A government bond is a bond issued by a national government, generally with a promise to pay periodic interest payments and to repay the face value on the maturity date. Government bonds are usually denominated in the country's own currency. Another term similar to government bond is "sovereign bond". Technically any bond issued by a sovereign entity is a sovereign bond but sometimes the term is used to refer to bonds issued in a currency other than the sovereign's currency. If a government or sovereign is close to default on its debt the media often refer to this as a sovereign debt crisis.

RISKS

CREDIT RISKS

Government bonds in a country's own currency are sometimes taken as an approximation of the theoretical risk-free bond, because it is assumed that the government can raise taxes or create additional currency in order to redeem the bond at maturity. There have been instances where a government has defaulted on its domestic currency debt, such as Russia in 1998 (the "ruble crisis").

CURRENCY RISKS

Currency risk is the risk that the value of the currency a bond pays out will decline compared to the holder's reference currency. For example, a German investor would consider United States bonds to have more currency risk than German bonds (since the dollar may go down relative to the euro); similarly, a United States investor would consider German bonds to have more currency risk than United States bonds (since the euro may go down relative to the dollar). A bond paying in a currency that does not have a history of keeping its value may not be a good deal even if a high interest rate is offered.

INFLATION RISKS

Inflation risk is the risk that the value of the currency a bond pays out will decline over time. Investors expect some amount of inflation, so the risk is that the inflation rate will be higher than expected.
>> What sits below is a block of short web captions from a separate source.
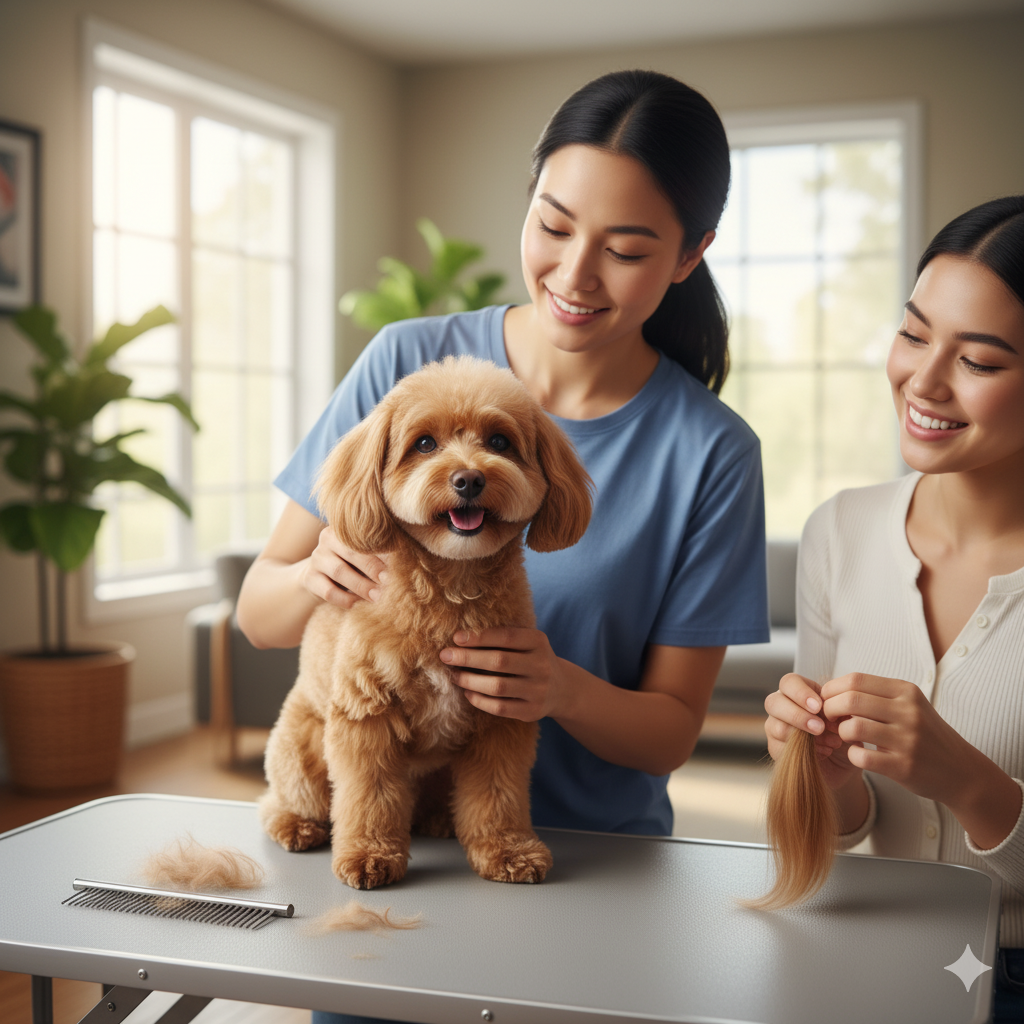 Köpek Tüylerinin Dolaşmasını Önlemede Tıraşın Rolü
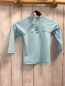 Preview: Decathlon  UV-Schutzshirt lang  Gr. 92  hellblau Krabbe UPF 50 + 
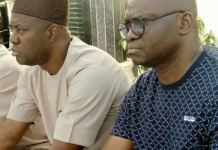 PDP Southwest Congress: Fayose Group makes U-turn on Melaye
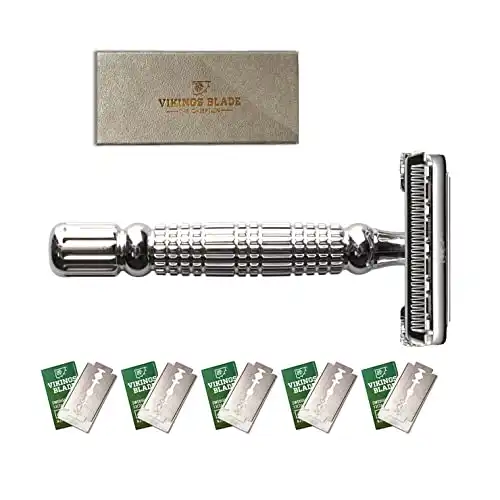 "The Chieftain" - Double Edge Safety Razor by VIKINGS BLADE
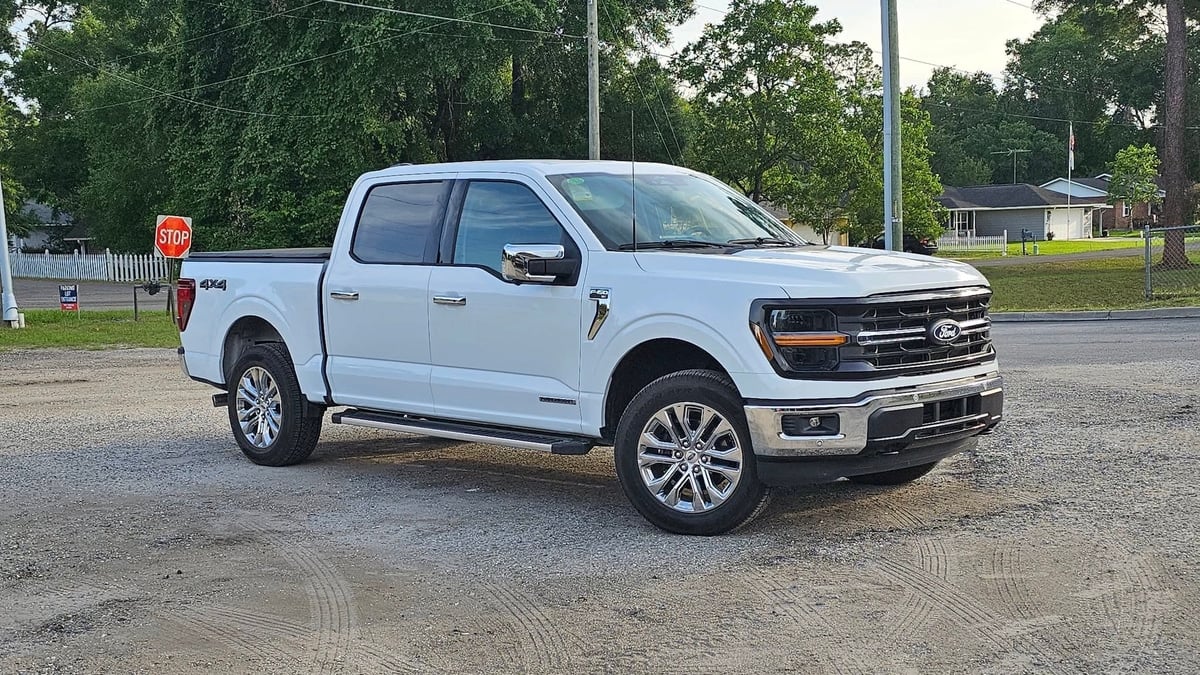 Steven Davis' 2025 Ford F-150 in High Springs, Florida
Many governments issue inflation-indexed bonds, which protect investors against inflation risk by linking both interest payments and maturity payments to a consumer prices index.

MONEY SUPPLY

If a central bank purchases a government security, such as a bond or treasury bill, it increases the money supply, in effect creating money.

THE UNITED KINGDOM

In the UK, government bonds are called gilts. Older issues have names such as "Treasury Stock" and newer issues are called "Treasury Gilt". Inflation-indexed gilts are called Index-linked gilts. UK gilts have maturities stretching much further into the future than other European government bonds, which has influenced the development of pension and life insurance markets in the respective countries.